Una relazione, però, con qualcuno che gli corrisponda (letteralmente “come di fronte”) e con il quale vivere una comunione vitale: i due saranno un’unica carne. Una relazione, quindi, “paritaria” e non “strumentale” come potrebbe essere quella con gli animali che l’uomo concorre a “creare” dando loro il nome, ma che non gli corrispondono. Ecco allora la creazione della donna e il grido di giubilo dell’uomo: «Questa volta è osso dalle mie ossa, carne dalla mia carne!»

A causa del peccato, tuttavia, l’uomo ha perso di vista la verità sulla relazione a tutti i livelli: con Dio, con la donna e con la creazione; ha reso i doni di Dio “oggetto di rapina” di cui appropriarsi anche con la violenza. Anche il “tu” della relazione, viene “cosificato”, reso un oggetto da possedere. Da qui la pretesa di “prendere” moglie (magari “pagandola” al padre) e lasciarla quando non soddisfa più. Ai tempi di Gesù si dibatteva se l’uomo potesse ripudiare la moglie “per qualsiasi motivo” (Cfr. Mt 19,3). Oggi il dibatto è stato tristemente risolto con l’unico progresso che sia la moglie che il marito possono lasciarsi “per qualsiasi motivo”.

«Per la durezza del vostro cuore egli scrisse per voi questa norma». Il Maestro, nel vangelo, oggi è chiaro nel denunciare la durezza di cuore di chi si pone la questione del ripudio. Una questione che assume tutta un’altra prospettiva nella “pienezza dei tempi” in cui si realizza la profezia di Ezechiele: «toglierò da voi il cuore di pietra e vi darò un cuore di carne.» (Ez 36,26).
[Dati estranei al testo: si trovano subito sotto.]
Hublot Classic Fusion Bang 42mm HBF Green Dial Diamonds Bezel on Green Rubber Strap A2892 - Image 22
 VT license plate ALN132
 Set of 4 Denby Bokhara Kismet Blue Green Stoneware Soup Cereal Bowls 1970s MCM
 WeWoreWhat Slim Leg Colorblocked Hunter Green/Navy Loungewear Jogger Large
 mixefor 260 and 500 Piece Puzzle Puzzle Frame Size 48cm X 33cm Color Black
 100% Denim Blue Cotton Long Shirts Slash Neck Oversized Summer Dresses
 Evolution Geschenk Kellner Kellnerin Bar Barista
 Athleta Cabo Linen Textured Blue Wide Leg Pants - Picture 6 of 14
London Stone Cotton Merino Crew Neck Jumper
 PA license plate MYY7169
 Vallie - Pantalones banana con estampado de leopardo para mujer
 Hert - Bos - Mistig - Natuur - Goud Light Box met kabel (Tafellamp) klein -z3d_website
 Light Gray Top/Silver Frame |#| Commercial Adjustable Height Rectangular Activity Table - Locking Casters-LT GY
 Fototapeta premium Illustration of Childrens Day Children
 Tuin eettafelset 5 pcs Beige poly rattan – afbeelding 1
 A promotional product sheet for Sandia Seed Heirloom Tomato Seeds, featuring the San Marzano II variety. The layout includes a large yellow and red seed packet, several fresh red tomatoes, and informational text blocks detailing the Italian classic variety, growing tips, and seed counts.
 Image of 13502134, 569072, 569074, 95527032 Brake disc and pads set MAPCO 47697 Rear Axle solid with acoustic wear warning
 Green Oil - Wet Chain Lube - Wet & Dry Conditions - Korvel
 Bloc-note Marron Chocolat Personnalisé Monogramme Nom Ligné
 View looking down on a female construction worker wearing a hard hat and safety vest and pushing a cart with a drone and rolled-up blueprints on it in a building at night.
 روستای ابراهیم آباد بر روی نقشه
Se l’Amore di Dio è stato riversato nei nostri cuori (Cfr. Rm 5,5), se Egli adesso Ama in noi, allora siamo chiamati a realizzare il progetto originario del Padre al quale oggi Gesù ci rinvia: una relazione autentica, libera e paritaria con un tu che mi corrisponda; una relazione che rende i due una sola carne. Da sempre la tradizione ha visto qui il duplice richiamo all’indissolubilità del matrimonio e all’apertura feconda verso la vita (i due saranno un’unica carne) di cui più immediata, ma non esclusiva, manifestazione sono i figli.

La relazione autentica, però, l’Amore, ci porta ad uscire da noi, a non porre più in noi il nostro centro, a rinnegare se stessi (cfr. Mt 16,24). Credo sia per questo che oggi la seconda lettura richiama il sacrificio salvifico di Cristo sulla croce. Dalla croce, infatti, dalla piena manifestazione dell’amore di Dio per l’uomo, siamo stati redenti. Dalla croce siamo anche invitati a imparare ad Amare prendendo anche noi ogni giorno la nostra croce, facendo della nostra vita un dono d’amore a chi il Signore ci ha messo accanto. Solo in questa autentica relazione d’amore, che ha il suo centro fuori di noi, troveremo la nostra piena realizzazione: «chi vorrà salvare la propria vita, la perderà; ma chi perderà la propria vita per causa mia, la troverà» (Mt 16,25).